Oracle’s “Lumberjack Larry” Ellison has green lighted an Oracle plan to buy talent managing software company Taleo for $1.9 billion. Taleo shareholders will receive $46.00 per share.

Oracle’s big idea rests with Taleo’s cloud-based talent management software, which Oracle hopes will allow it to further build on its own cloud business. Bloomberg reports that Ellison, in addition to arguing about cutting down trees, has been on a $40 billion buying frenzy in what has been a cloud software variety of Supermarket Sweep. 

Buying over 70 companies to put it on its way, Oracle is hoping to bolster its operational cloud strategy to help it provide services which manage staff and keep corporate cogs turning. Much like others wheeling and dealing in enterprise software, Oracle’s grand vision is to win over customers by pushing management up into the cloud.

Taleo says that after the acquisition, the collaborative efforts of both of the companies will create a cloud service for customers to manage human resources, and “improve the employee experience through faster on boarding and better collaboration with team members via social media”.

The entire enterprise management space is spending right now. Analyst Tim Jennings, at Ovum, says rivals like SAP and Salesforce have also been picking up companies in the Human Capital Management sector. They acquired Success Factors and Rypple, respectively.

HP, meanwhile, paid arguably over the odds for Cambridge-based company Autonomy – with a price tag at $10 billion. 
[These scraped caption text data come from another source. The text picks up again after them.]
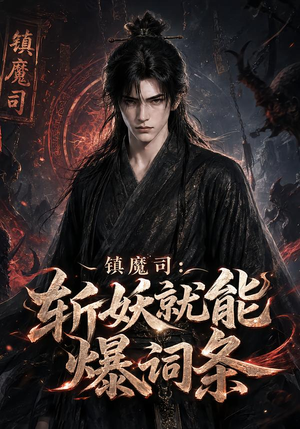 镇魔司:斩妖就能爆词条(120集) 镇魔司:斩妖就能爆词条(120集)短剧在哪里看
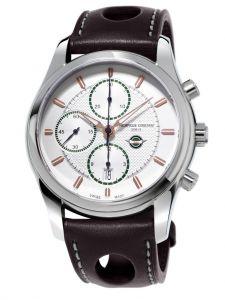 Đồng hồ Frederique Constant	FC-392HVG6B6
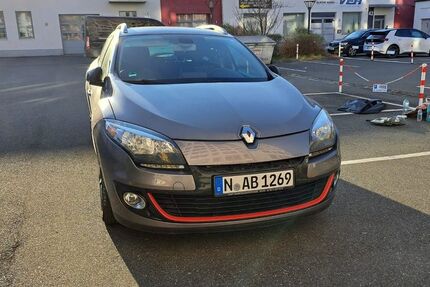 Renault Megane 164.000 km 4.900 &euro; Nürnberg 90427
Ovum believes the string of buys is indicative of a larger trend. The enterprise is increasingly accepting Software-as-a-Service. More visibly, Jennings suggests, the industry is aggressively battling against each other to appear like it is the top dog on cloud nine. They aren’t interested in migrating their own services to the cloud, and are instead happy to splash out on companies so they can supply their own flavours.

Taleo’s board of directors unanimously approved the deal, which is expected to close in the middle of this year, as long as it jumps through the hoops of all the regulatory approvals. Which it most likely will.